(Data records)
>>>
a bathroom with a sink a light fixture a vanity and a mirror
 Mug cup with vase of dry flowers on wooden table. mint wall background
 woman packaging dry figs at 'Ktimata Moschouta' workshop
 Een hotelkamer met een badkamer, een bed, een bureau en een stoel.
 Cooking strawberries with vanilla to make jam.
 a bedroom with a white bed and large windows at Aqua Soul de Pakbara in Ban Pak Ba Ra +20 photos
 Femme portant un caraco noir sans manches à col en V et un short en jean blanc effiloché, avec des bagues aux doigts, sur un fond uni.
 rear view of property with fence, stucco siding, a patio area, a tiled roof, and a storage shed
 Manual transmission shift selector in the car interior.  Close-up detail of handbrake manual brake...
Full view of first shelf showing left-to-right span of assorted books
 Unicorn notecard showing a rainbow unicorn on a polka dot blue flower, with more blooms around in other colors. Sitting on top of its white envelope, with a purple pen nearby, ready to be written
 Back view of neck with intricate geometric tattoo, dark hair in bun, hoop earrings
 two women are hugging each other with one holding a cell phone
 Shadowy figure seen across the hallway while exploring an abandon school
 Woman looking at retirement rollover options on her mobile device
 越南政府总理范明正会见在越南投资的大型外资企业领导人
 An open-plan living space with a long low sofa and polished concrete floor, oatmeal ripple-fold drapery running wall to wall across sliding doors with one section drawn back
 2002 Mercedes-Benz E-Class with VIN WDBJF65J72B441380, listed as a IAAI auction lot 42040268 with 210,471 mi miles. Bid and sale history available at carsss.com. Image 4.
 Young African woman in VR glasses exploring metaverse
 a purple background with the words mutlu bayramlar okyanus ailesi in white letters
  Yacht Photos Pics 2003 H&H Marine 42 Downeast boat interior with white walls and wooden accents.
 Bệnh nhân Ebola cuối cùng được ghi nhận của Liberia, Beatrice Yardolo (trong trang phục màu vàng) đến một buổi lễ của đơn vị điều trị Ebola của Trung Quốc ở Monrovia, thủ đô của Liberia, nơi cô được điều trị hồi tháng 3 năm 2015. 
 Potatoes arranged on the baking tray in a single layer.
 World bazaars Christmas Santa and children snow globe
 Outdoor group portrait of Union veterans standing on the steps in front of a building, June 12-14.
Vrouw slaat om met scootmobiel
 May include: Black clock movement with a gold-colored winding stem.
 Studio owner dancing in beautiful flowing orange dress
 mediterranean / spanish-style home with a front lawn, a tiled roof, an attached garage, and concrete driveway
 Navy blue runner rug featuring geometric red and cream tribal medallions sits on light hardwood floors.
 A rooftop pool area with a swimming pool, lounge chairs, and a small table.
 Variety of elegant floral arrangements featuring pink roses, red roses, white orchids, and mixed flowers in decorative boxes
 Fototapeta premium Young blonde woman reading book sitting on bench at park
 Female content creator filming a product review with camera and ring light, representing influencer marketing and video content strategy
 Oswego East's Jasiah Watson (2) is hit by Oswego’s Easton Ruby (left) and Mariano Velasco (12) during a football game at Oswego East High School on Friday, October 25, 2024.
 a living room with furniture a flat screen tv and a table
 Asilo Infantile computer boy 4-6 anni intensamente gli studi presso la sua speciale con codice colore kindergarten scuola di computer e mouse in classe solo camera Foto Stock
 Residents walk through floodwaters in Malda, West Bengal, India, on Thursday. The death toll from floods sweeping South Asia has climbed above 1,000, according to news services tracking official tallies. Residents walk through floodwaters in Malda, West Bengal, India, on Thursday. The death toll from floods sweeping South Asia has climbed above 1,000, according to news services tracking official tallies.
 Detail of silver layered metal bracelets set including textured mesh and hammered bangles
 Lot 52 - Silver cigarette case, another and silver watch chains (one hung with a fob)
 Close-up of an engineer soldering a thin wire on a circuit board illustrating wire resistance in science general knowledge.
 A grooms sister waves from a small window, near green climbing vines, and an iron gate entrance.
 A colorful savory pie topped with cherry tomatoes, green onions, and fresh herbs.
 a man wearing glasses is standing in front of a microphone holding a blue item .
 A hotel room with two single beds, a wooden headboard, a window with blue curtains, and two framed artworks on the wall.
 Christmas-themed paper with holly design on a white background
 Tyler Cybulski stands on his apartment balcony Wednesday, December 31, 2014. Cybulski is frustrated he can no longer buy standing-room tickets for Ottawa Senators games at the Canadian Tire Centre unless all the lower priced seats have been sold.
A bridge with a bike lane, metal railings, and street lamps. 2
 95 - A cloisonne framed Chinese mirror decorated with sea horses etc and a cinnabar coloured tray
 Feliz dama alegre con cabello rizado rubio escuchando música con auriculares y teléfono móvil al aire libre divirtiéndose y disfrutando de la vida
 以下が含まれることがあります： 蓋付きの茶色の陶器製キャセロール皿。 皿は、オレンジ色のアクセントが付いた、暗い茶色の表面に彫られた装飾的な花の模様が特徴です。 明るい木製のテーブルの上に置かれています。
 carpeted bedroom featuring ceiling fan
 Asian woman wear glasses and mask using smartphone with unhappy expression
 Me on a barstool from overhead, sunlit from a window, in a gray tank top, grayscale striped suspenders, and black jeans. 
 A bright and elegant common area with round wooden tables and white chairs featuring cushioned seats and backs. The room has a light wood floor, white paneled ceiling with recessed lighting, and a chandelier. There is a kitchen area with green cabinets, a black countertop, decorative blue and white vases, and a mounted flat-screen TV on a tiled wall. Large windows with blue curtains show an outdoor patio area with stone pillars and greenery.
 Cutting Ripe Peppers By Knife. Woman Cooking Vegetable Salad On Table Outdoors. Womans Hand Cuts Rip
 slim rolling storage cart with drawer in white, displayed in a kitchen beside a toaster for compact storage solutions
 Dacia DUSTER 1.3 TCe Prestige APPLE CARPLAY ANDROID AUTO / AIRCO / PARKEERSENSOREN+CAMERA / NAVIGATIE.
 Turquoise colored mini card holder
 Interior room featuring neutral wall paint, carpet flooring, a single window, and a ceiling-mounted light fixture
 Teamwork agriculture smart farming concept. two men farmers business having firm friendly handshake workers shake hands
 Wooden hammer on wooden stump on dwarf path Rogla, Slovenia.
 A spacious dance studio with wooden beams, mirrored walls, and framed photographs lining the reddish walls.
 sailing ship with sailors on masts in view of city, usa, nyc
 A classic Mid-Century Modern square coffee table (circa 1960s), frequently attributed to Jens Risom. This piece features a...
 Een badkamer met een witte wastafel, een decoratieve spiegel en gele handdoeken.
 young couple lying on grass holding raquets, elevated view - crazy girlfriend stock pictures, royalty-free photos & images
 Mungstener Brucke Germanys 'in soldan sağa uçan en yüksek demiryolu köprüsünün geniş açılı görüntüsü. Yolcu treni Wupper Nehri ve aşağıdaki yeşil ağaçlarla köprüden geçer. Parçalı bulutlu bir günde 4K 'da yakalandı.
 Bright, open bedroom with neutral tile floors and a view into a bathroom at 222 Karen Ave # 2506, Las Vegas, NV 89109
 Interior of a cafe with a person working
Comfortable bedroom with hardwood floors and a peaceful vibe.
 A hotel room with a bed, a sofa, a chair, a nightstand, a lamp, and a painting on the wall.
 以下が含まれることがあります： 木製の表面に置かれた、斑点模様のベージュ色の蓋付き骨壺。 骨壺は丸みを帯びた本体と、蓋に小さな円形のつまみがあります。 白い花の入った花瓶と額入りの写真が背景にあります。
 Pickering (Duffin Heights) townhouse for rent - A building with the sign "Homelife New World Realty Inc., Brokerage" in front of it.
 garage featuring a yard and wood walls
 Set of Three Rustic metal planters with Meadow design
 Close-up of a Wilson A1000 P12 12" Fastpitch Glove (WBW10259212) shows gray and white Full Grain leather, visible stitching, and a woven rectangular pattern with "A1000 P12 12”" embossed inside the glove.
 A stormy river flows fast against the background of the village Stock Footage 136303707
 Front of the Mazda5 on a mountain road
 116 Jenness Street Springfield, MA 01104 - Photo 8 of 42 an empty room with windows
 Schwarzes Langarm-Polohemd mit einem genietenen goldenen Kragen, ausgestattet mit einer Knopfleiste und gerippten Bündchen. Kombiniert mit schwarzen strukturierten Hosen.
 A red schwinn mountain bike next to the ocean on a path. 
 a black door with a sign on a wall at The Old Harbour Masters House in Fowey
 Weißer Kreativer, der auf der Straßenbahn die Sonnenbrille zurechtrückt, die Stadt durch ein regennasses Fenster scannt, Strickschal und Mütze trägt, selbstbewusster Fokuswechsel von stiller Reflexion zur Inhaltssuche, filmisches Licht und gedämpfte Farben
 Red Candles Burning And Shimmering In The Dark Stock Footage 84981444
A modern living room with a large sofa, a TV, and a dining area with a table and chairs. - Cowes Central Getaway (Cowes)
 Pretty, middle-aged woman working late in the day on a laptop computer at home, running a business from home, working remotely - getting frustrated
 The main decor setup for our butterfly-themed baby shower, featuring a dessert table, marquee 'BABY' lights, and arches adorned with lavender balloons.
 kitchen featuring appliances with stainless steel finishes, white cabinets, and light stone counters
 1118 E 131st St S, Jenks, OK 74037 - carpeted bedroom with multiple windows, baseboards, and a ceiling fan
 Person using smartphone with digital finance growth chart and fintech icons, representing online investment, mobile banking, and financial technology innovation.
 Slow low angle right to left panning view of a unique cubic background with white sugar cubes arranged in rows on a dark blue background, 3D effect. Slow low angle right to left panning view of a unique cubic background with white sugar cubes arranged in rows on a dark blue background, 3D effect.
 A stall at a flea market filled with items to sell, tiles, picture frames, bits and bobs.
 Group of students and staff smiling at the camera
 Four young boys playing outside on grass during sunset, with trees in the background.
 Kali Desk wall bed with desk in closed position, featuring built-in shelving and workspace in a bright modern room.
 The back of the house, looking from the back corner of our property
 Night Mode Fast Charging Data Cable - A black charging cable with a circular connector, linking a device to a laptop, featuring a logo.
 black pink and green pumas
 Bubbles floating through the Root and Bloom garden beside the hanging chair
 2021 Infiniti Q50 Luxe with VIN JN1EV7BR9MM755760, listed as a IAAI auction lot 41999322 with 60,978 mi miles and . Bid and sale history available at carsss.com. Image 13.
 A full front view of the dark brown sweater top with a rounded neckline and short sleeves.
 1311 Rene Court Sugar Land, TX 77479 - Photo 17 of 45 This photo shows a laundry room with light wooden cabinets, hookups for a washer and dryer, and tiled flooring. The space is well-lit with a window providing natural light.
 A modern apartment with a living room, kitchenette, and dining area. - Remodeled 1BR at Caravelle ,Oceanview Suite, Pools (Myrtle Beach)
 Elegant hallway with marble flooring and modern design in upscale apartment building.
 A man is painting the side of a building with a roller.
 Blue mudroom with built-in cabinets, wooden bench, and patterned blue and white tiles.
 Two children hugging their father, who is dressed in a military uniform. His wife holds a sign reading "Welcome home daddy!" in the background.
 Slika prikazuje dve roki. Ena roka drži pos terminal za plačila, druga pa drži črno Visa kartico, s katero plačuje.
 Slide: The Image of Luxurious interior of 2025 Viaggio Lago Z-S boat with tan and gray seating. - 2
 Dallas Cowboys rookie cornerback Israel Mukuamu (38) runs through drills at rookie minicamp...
<<<
## WHAT YOU SHOULD DO
In these entries, some lines may contain the string "silver". Give the number of such lines and nothing more.

## TASK SOLUTION
2